FAT32 small files write speed on removable drive

I am trying to write many files to USB flash removable drive FAT32 formatted.
I am not expert in Windows internal things so I asking for your experience and advices.
While big files write speed is limited by USB and the USB device, the small files write speed is ridiculously slow.
Using DiskMon I can see what Win7 is writing to USB drive sectors per file.
Some facts:
Writes to Directory is done by 8x 512 bytes sectors blocks equal 4KB with 4KB boundary.
Writes to FAT is done by 1-8x 512 bytes sectors blocks up to 4KB with 4KB boundary.
Writes FAT sectors amount is depending on file size, cluster size, sector size and crossing of FAT sector boundary.
Some equations:
filetotalclusters= (filesize+clustersize-1)/clustersize
clusterspersector=sectorsize/4
fileFATsectors=filetotalclusters/clusterpersector and optionally +1 sector when FAT sector border crossed.
So for 32KB cluster and 512 bytes sector, 1 FAT sector covers 4MB of file size, 8 sectors (4KB) covers 32MB file.
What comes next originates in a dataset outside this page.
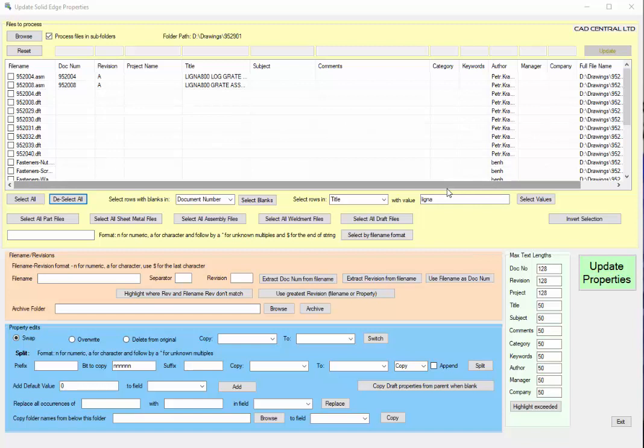This application has been designed to allow you to populate all of your Solid Edge file properties, whether you want to use it with building data management so setting these up will allow you to index them and help you search for files easily.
not big file single block write (<32MB and FAT chain doesnt cross sector boundary)
create(),write(),close() 6 writes per file

  1. create() write dir 4KB (name of file, default attributes and current times)
  2. write() write file data
  3. write dir 4KB (first cluster of chain)
  4. write FAT1 up to 4KB (chain of clusters)
  5. write FAT2 up to 4KB (chain of clusters)
  6. close() write dir 4KB (I guess it writes new file size)
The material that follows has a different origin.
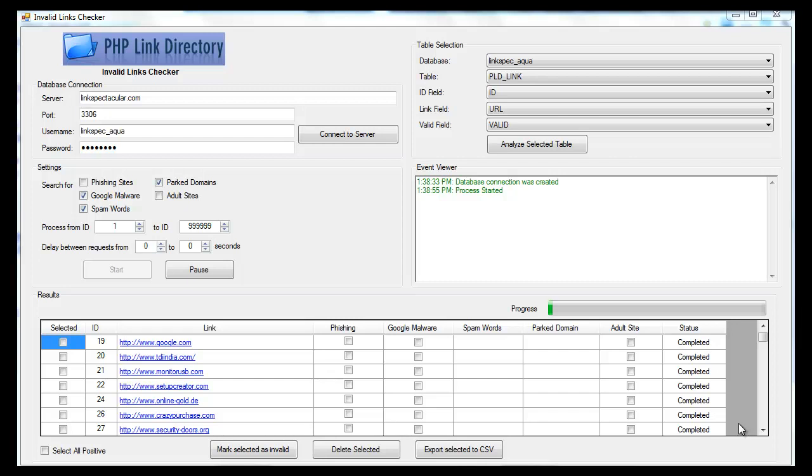Okay, so I wanted to give a quick preview of the Invalid Links Checker, a new product from PHP Link Directory.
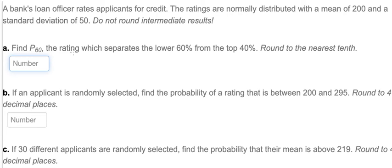Hello everybody. Today I will talk about probability. The topic is about the normal distribution, and I will show you how to answer question A: finding b60, the rating which separates the lower 60% from the top 40%.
bigger file or cross of FAT sector boundary and single block write
create(),write(),close() 4+2x(ceiling of filesize/32MB) writes per file

  1. create() write dir 4KB (name of file, default attributes and current times)
  2. write() write file data
  3. write dir 4KB (first cluster of chain)
  4. write FAT1 up to 4KB (chain of clusters)
  5. write FAT2 up to 4KB (chain of clusters)
  6. write FAT1 up to 4KB (continue chain of clusters)
  7. write FAT2 up to 4KB (continue chain of clusters)
  8. close() write dir 4KB (I guess it writes new file size)
    So for long files added 2x(filesize/32MB) writes to the FAT.

with file times set
create(),setfiletime(),write(),close() 7 writes per file

  1. create() write dir 4KB (name of file, default attributes and current times)
  2. setfiletime() write dir 4KB (new file times)
  3. write() write file data
  4. write dir 4KB (first cluster of chain)
  5. write FAT1 up to 4KB (chain of clusters)
  6. write FAT2 up to 4KB (chain of clusters)
  7. close() write dir 4KB (I guess it writes new file size)
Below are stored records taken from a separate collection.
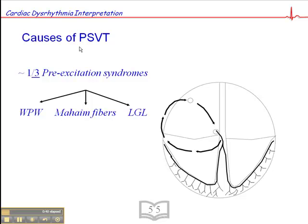Now I want to talk about the pre-excitation syndromes, which account for about one-third of PSVTs. About 75% of the pre-excitation-caused PSVTs are the result of Wolff-Parkinson-White syndrome, or WPW.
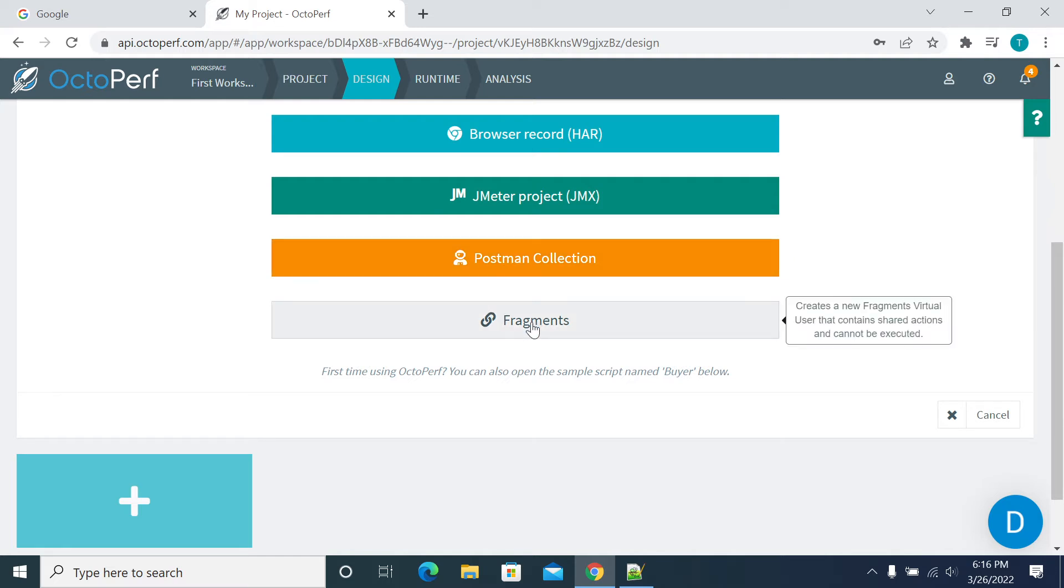If you have any links, you can create using those links as well. You can export the script using the links. This is another feature which you can use to create your script.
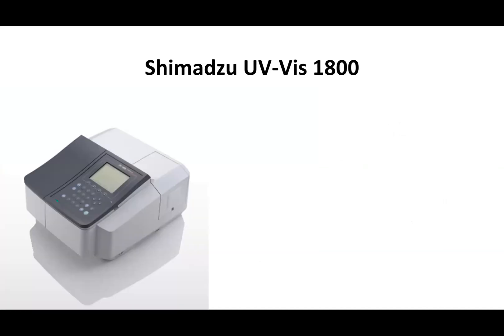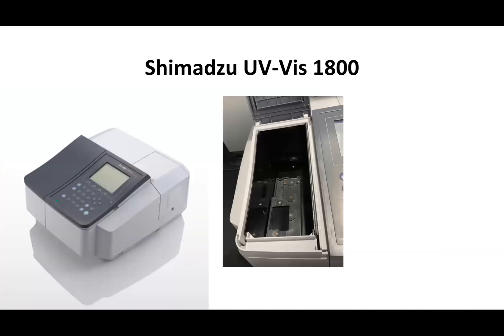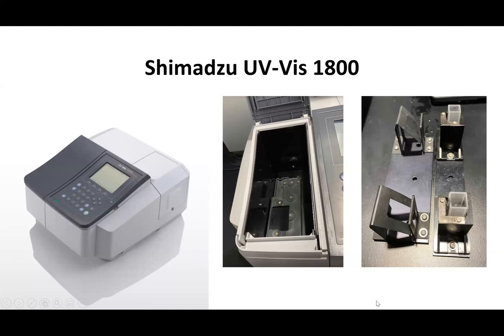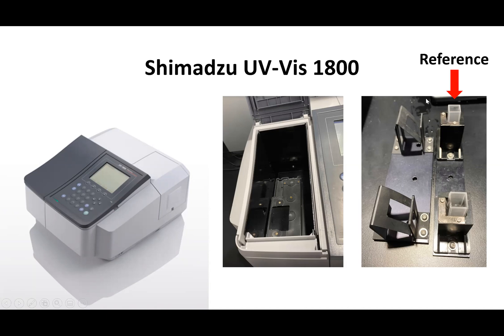Our instrument looks like this and that's where the samples go. We have two different holders - one for glass substrates that Corbin typically uses in the lab as well as for cuvettes. The one on the left is for the slides and the one on the right is for our cuvettes. The slot on the back is the one that we use to put our reference sample in and then the one on the front is for the sample of interest or the unknown.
with file length set before write to avoid fragmentation.
create(),setfiletime(),setlength(),write(),close() 7 writes per file

  1. create() write dir 4KB (name of file, default attributes and current times)
  2. setfiletime() write dir 4KB (new file times: creation,lastaccess,lastwrite)
  3. setlength() write dir 4KB (first cluster of chain)
  4. write FAT1 up to 4KB (chain of clusters)
  5. write FAT2 up to 4KB (chain of clusters)
  6. write() write file data
  7. close() write dir 4KB (I dont know what it writes as file times and file length already set)

if multiple block writes, 13 writes for 2 blocks write (<32MB and no FAT sector crossed) and more.
create(),setfiletime(),setlength(),write1(),write2(),writeX(),close()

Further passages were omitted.